Vergleichstabelle: KI-Sourcing-Tools 2026
| Kriterium | LinkedIn Recruiter | Juicebox | HeroHunt | MetaView | Wiggli | Yena |
|---|---|---|---|---|---|---|
| Profildatenbank | ~1 Mrd. (nur LinkedIn) | 800 Mio. | 1 Mrd.+ | eigener Pool + ATS | 850 Mio. | 1 Mrd.+ |
| Natural Language Search | Basis (Boolean-Filter) | Stark (EN) | Stark (EN) | Agent-gesteuert | Gut (mehrsprachig) | Stark (7 Sprachen) |
| ATS integriert | Nein | Nein | Nein | Teilweise | Einfaches ATS | Vollständiges ATS + CRM |
| DSGVO-Status | SCC vorhanden | US-Server, eingeschränkt | US-basiert | UK-basiert | EU-konform | DSGVO by design |
| Preis (ca.) | ~8.000 €/Jahr/Lizenz | ab ~$49/Monat | ab ~$49/Monat | auf Anfrage | $69–79/Monat/Sitz | €49–99/Monat/Nutzer |
| LinkedIn Chrome Extension | Ja (nativ) | Teilweise | Nein | Nein | Ja | Ja |
| Stärkstes Merkmal | InMail, Netzwerk | US-Markt, Benutzerfreundlichkeit | Datenbankgröße | Autonome Agenten + Interview-AI | EU-Compliance, All-in-one | DACH-nativ, Mehrsprachigkeit, ATS+CRM |
| Geeignet für | Jede Unternehmensgröße | US-fokussierte Teams | Pure Sourcers | Tech-affine Teams mit Interview-Bedarf | Benelux/DACH, kleine bis mittelgroße Teams | DACH-Personalberatungen, Agenturen |
LinkedIn Recruiter: Der teure Standard mit einem Nachteil
LinkedIn Recruiter ist das meistgenutzte Sourcing-Tool unter deutschen Personalberatern — und das aus nachvollziehbaren Gründen.
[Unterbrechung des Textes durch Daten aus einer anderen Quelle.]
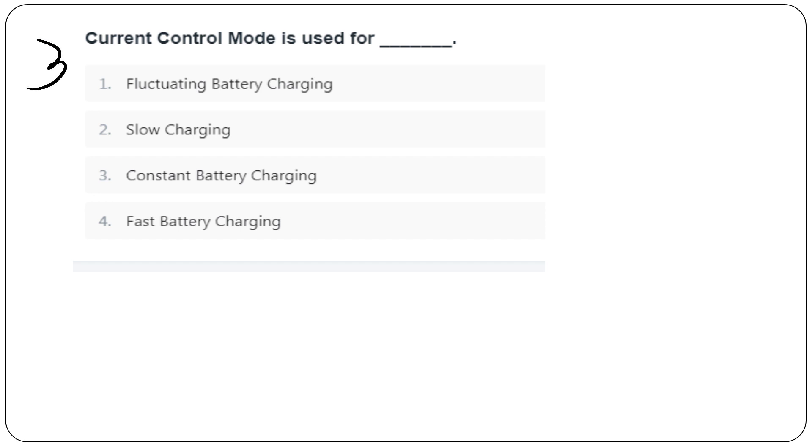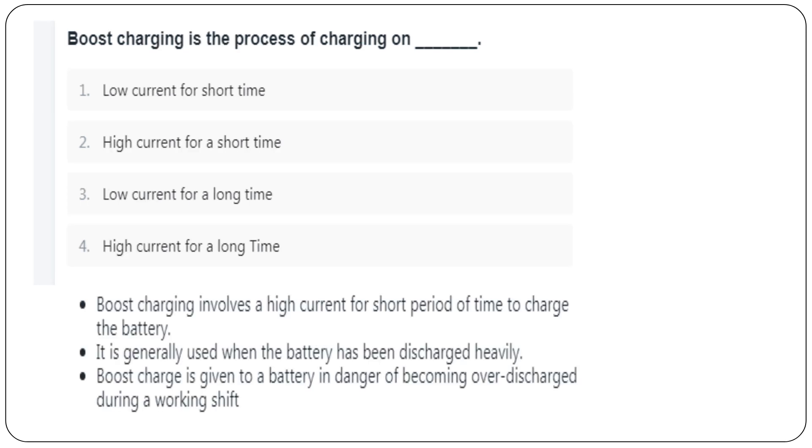Question 3: Current control mode is used for different battery charging methods — fluctuating battery charging, slow charging, constant battery charging. Boost charging is the process of charging at high current for a short time. If the battery has been discharged, boost charging restores it quickly.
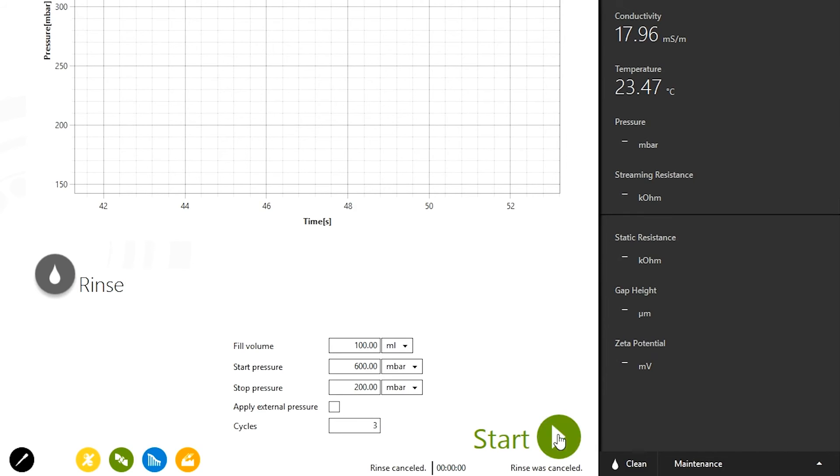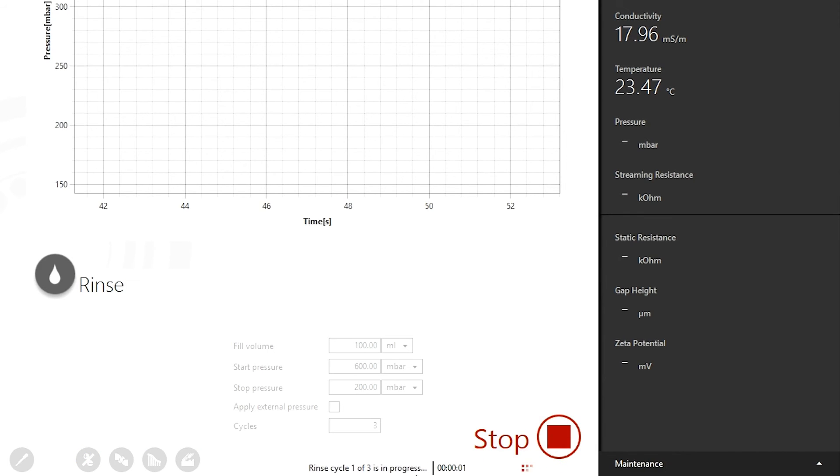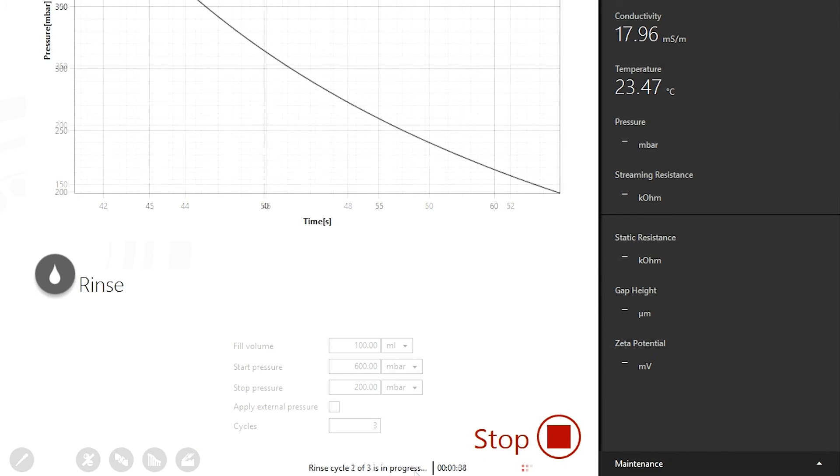Use the rinse cycle to adjust the gap between the sample surfaces while filling the cell with measuring liquid.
Das Netzwerk hat in Deutschland eine hohe Penetrationsrate, InMail-Nachrichten erreichen Kandidaten direkt, und die Filter-Optionen sind gut entwickelt. Die Natural Language Search ist allerdings rudimentär: Im Kern arbeitet LinkedIn immer noch mit Keyword-Filtern, auch wenn KI-Features schrittweise integriert werden.
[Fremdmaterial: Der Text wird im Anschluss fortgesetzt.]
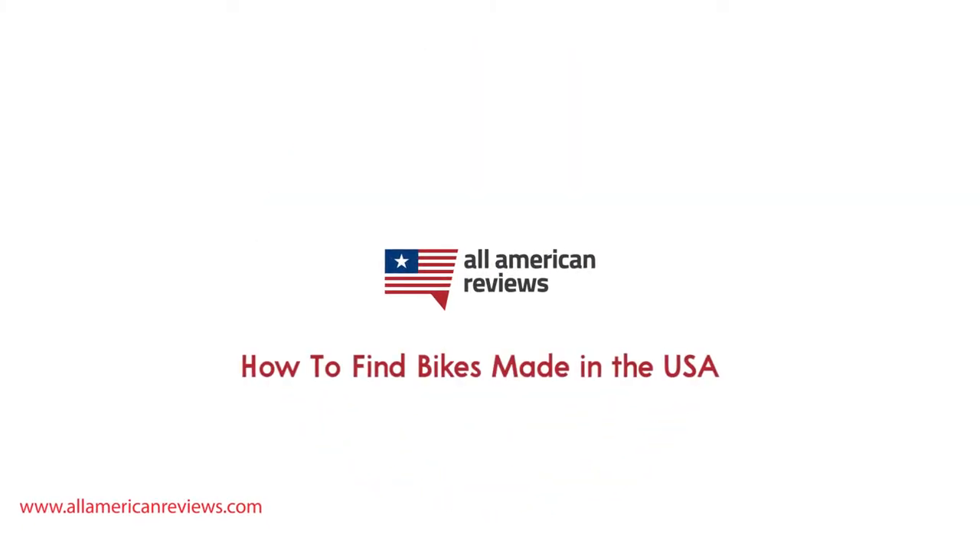Hey y'all, Mike here from All American Reviews and today I'm talking about how to find bikes made in the USA. Bike culture is huge in the US and there are a ton of different options out there for everything from everyday cruisers to competition road bikes. Now brands like Trek, Schwinn, and Cannondale are kind of the go-to options for brands these days in bikes. They are American-born, but just because they originally made their bikes here doesn't necessarily mean that they are making them here anymore.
Der Hauptkritikpunkt bleibt der Preis. Rund 8.000 Euro pro Lizenz und Jahr sind für kleine Personalberatungen mit zwei bis fünf Beratern schwer zu rechtfertigen — zumal die Lizenz nur LinkedIn-Daten erschließt. Wer Kandidaten auch auf GitHub, in wissenschaftlichen Datenbanken oder in branchenspezifischen Netzwerken sucht, braucht zusätzliche Tools.
"LinkedIn Recruiter ist das Schweizer Taschenmesser des Sourcing — solide für fast alles, aber selten das beste Werkzeug für eine spezifische Aufgabe."
Juicebox / PeopleGPT: Stark im US-Markt, eingeschränkt für DACH
Juicebox ist das Produkt, das Natural Language Search am konsequentesten als Kernfeature gebaut hat. Die Oberfläche ist intuitiv, die Suchergebnisse für englischsprachige Anfragen beeindruckend präzise. Wer US-amerikanische oder internationale Kandidaten sucht, findet hier ein starkes Werkzeug.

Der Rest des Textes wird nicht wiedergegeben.